This is built on the Qt Model Views, if you're not familiar with that it might be worth having a look at the pyqt5 model views tutorials. I used the "todo" example there as the basis for this.

The addition is to implement the QStyleItemDelegate. This allows us to draw our own custom widget view for each item in the list. This is where we draw our text and the bubbles. See this introduction to QPainter if you're not familiar with that.

The tricky part here is we need to know the size of the text in order to draw the bubble. That's handled on the delegate .sizeHint which uses font metrics to determine the size of the box. It's a bit faffy.

The data is stored in a list of tuples with user, message and the user is either 0 or 1 for "me" or "them". You can push a message into the chat using add_message.

You should be able to drop this into your application, hook up the add_message method and have it work, but let me know if you have any problems.

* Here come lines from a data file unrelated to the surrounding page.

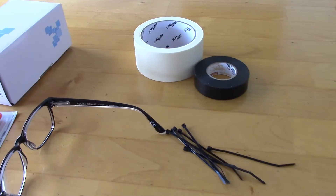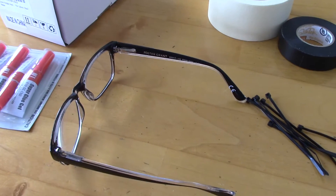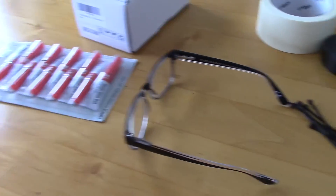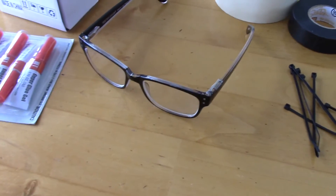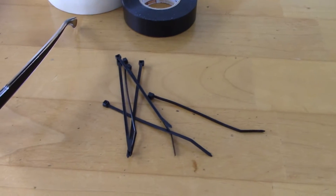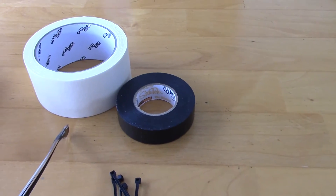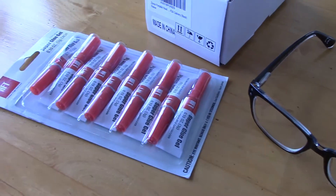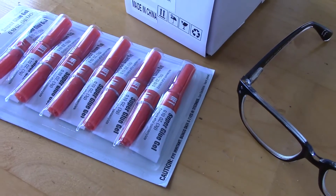The equipment that you need is your glasses — just spare glasses or your reading glasses, whichever you like. This is just a Foster Grant reading glass I got from a drugstore. And you need some zip ties — 4-inch black zip ties — electrical tape, masking tape, and some superglue. I get these superglue gels from Harbor Freight Tools.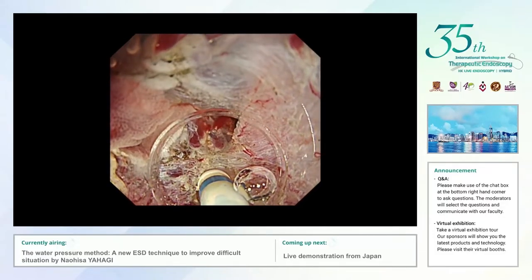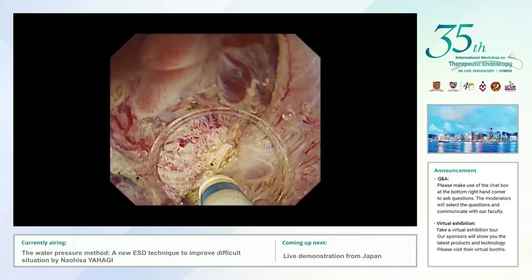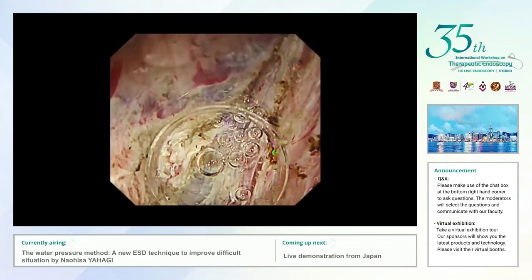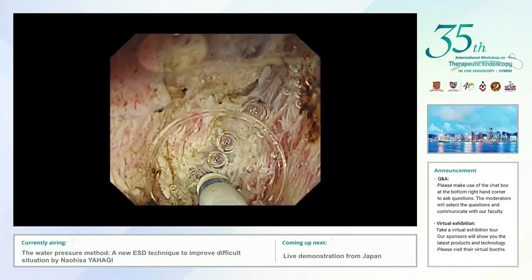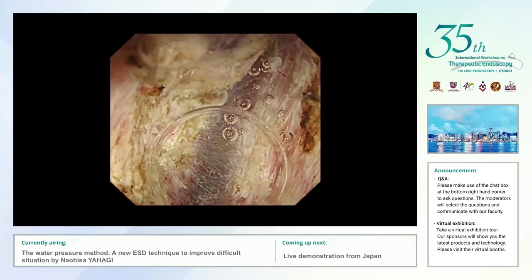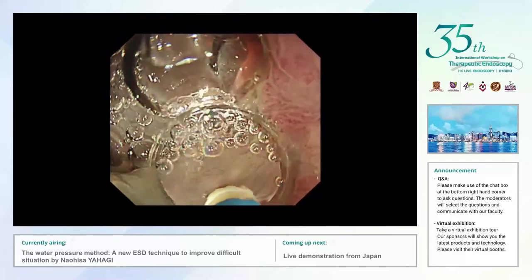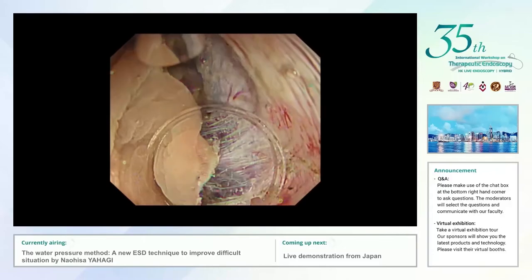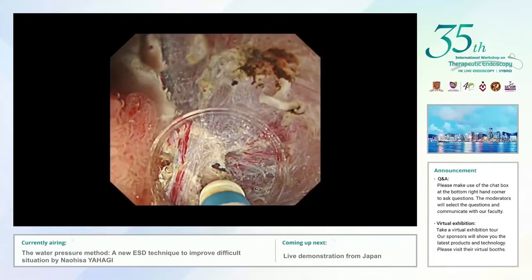I approached the fibrotic tissue using the metallic tip of the Dual knife J and carefully cut it using dry cut mode. It was very hard tissue but was possible to conduct submucosal dissection. Now we can see the open space under the fibrotic area. I again carefully conducted additional submucosal dissection through this area under direct vision utilizing the water pressure method, and finally completely cleared the fibrotic tissue. After the submucosal dissection, I continued the mucosal incision at the anal side to finalize the circumferential mucosal incision. I then restarted submucosal dissection for the remaining tissue, which was relatively smooth using the water pressure method even in this very difficult situation.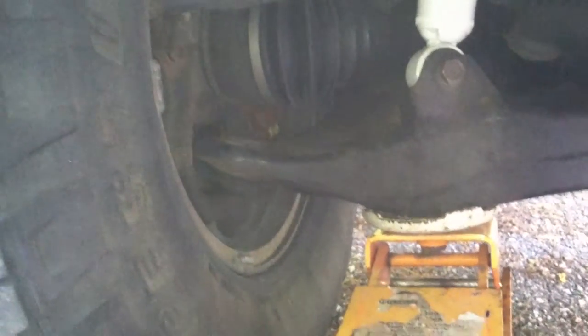You can't really see anything because there's no play on the passenger side, so pretty much the driver side needs to be replaced.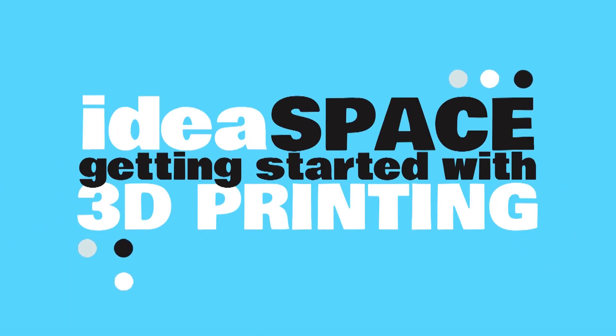Hello, and welcome to the Public Library of Brookline's IdeaSpace. My name is Christy, and I'm a reference and technology librarian here at the Brookline Village Library. I'm here today to show you how to set up and use the library's M3D MicroPlus 3D printers. Let's get started.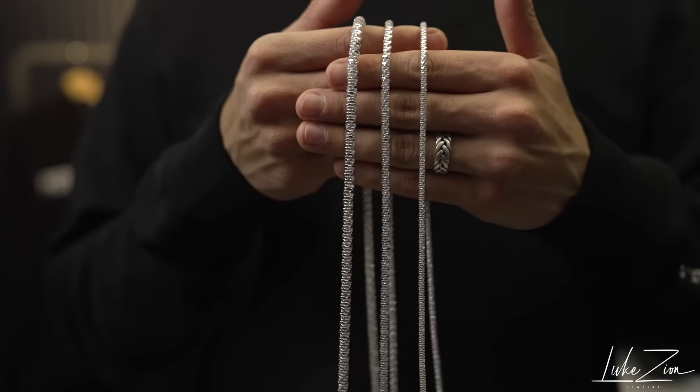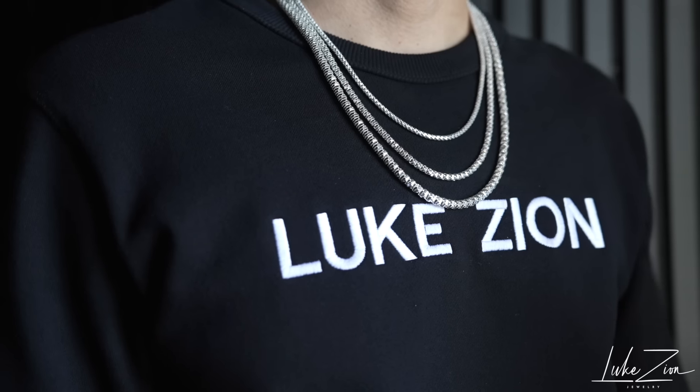I want to give you guys an idea of how it looks. If I zoom in, the chain's gonna look big; if I zoom out, the chain is going to look small. I am wearing the chains and holding them at different angles just to give you guys a better understanding of how these chains actually look. Make sure to watch the whole video — it's gonna give you different angles, closeups, and macro shots.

martin | 2020-07-07 10:30:32 UTC | #7

Sorry I don't follow, do you mean resize? Have you replaced your text edit with the list view & model?

Can you post a screenshot/the code so I can see what's happening.


Guasco | 2020-07-07 11:07:40 UTC | #9

Can I send you the zip file? I set up various images and stylesheets


martin | 2020-07-07 11:51:21 UTC | #10

Sure thing, zip would be fine.

In your code your main window subclasses from the delegate, e.g.

python
class ChatApp(QMainWindow, __richiamo_pubnub, MessageDelegate):

...you don't need to do that. You're creating the delegate object and passing it to the view (further down).

Either way, your example works for me & the chat bubbles resize to the text.

example|690x377


Guasco | 2020-07-07 12:29:26 UTC | #12

I am sending you the zip file along with a screenshot of what happens when the message gets long, but could you give me some advice on how to align the other message when another user is sending the messages? Thanks for your availability (I sent the email to codereview@learnpyqt.com)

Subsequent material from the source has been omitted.